Professor Michael O'Flaherty is the current Commissioner for Human Rights of the Council of Europe. He has also served as the Director of the European Union Fundamental Rights Agency (FRA) and from 2004 to 2012 as a member of the United Nations Human Rights Committee (HRC). On 19 September 2011 he took up appointment as the third Chief Commissioner of the Northern Ireland Human Rights Commission (NIHRC), the statutory national human rights institution for Northern Ireland. He resigned as chief commissioner in October 2013.

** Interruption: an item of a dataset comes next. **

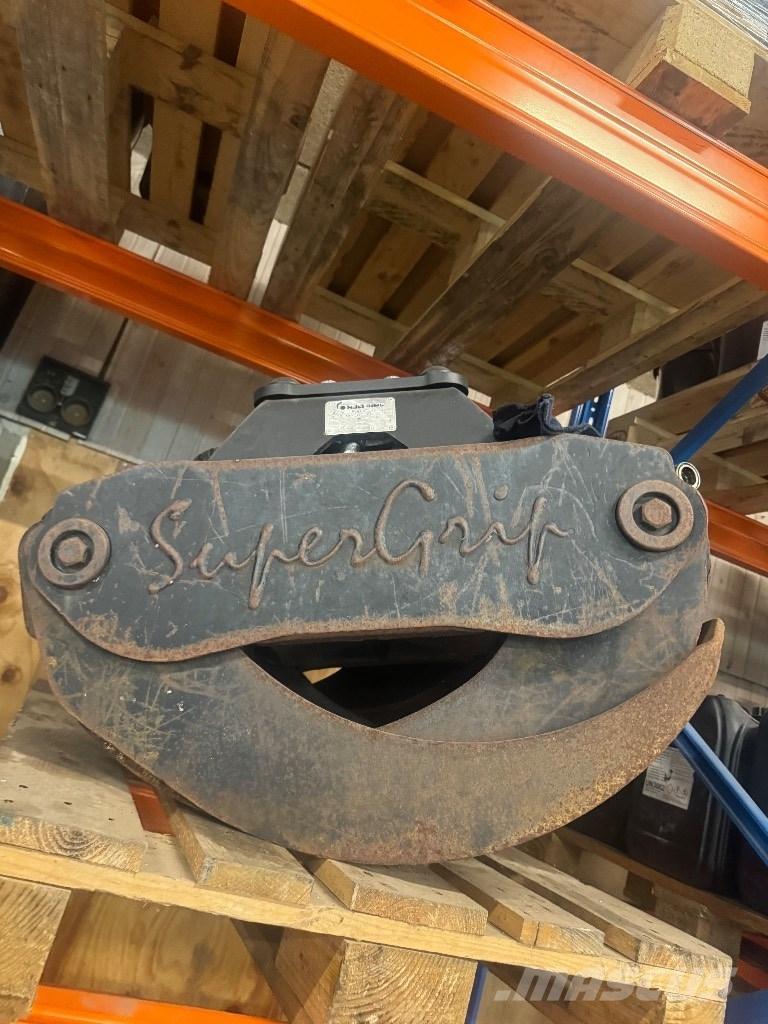 Valtra T 214 D Τρακτέρ δασοπονίας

==Early life, education and honours==
A native of Salthill in Galway, and the son and grandson of mayors of Galway, O'Flaherty attended school at Scoil Iognaid Gaillimh, Willow Park Preparatory School and Blackrock College, Dublin. He holds degrees in law from University College Dublin, in theology and philosophy from the Pontifical Gregorian University in Rome, and in international relations from the University of Amsterdam. Ordained in the 1980s as a priest in the Roman Catholic Church for the Diocese of Galway, he has not exercised priestly ministry since 1992. He has since been laicised.

In November 2019, on the basis of his published works in the field of human rights, O’Flaherty was awarded the Higher Doctorate in Laws (LLD) by the National University of Ireland
In 2024, he was awarded the Grand Decoration of Honour in Gold with Star for services to the Republic of Austria.He is a Fellow of the Royal Society of the Arts (FRSA).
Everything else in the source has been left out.